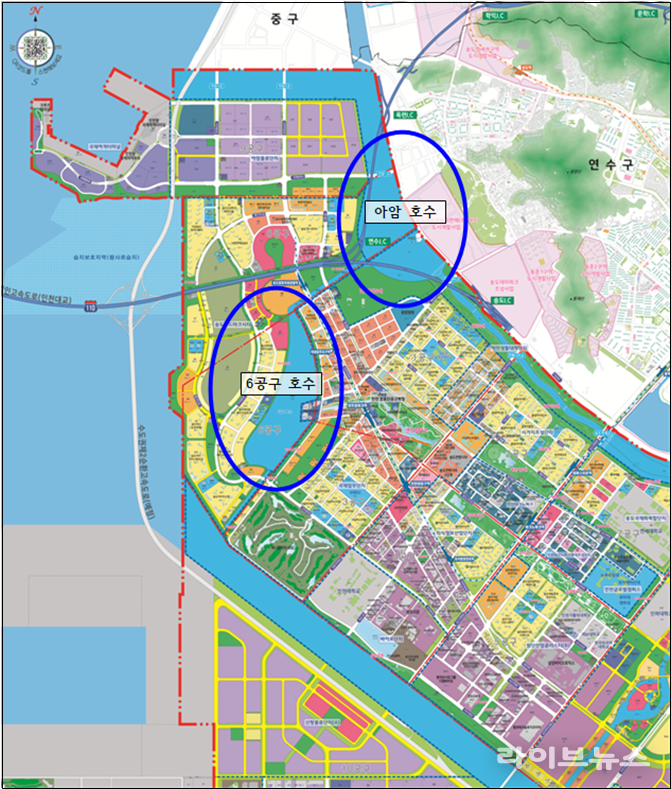 송도국제도시 워터프런트 6공구 호수 및 아암호수 위치도.(사진=인천경제청)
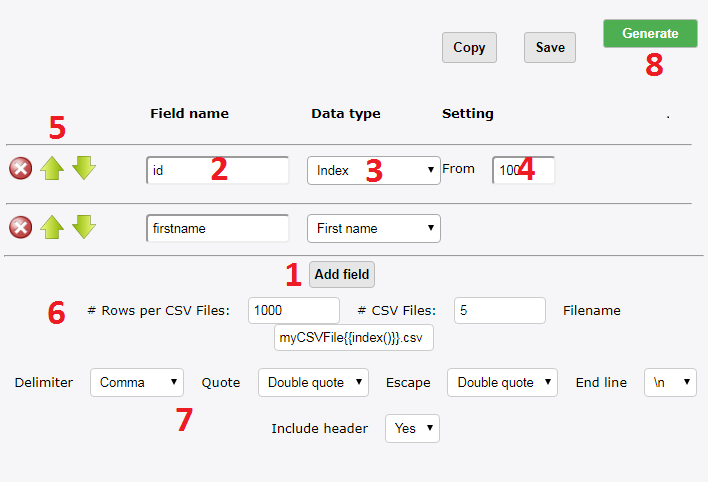 CSV generation setting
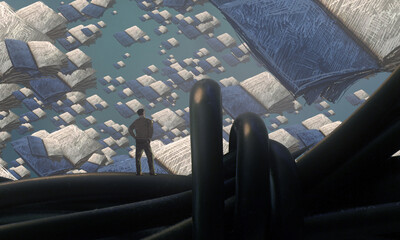Dream like abstract imaginary image. 2d illustration. Human standing on an edge. Imaginary world. Alternative realm. © Jakub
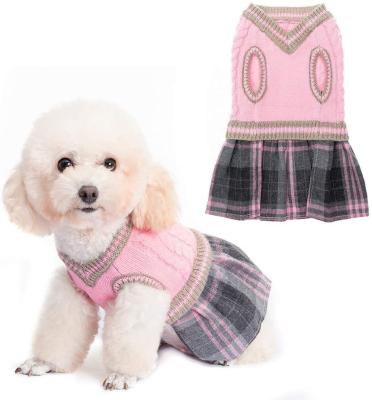 China Wholesale Sustainable Comfortable Knitted Clothes Designer Pet Clothing Winter Warm Custom Plaid Dog Dress for sale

═══

> _WORK REQUEST_
When the line that holds "CSV generation setting" is reached, begin duplicating exactly, and continue through the last line of the listing, skipping the pictures; output nothing else.

> _WRITTEN REPLY_
 CSV generation setting
Dream like abstract imaginary image. 2d illustration. Human standing on an edge. Imaginary world. Alternative realm. © Jakub
 China Wholesale Sustainable Comfortable Knitted Clothes Designer Pet Clothing Winter Warm Custom Plaid Dog Dress for sale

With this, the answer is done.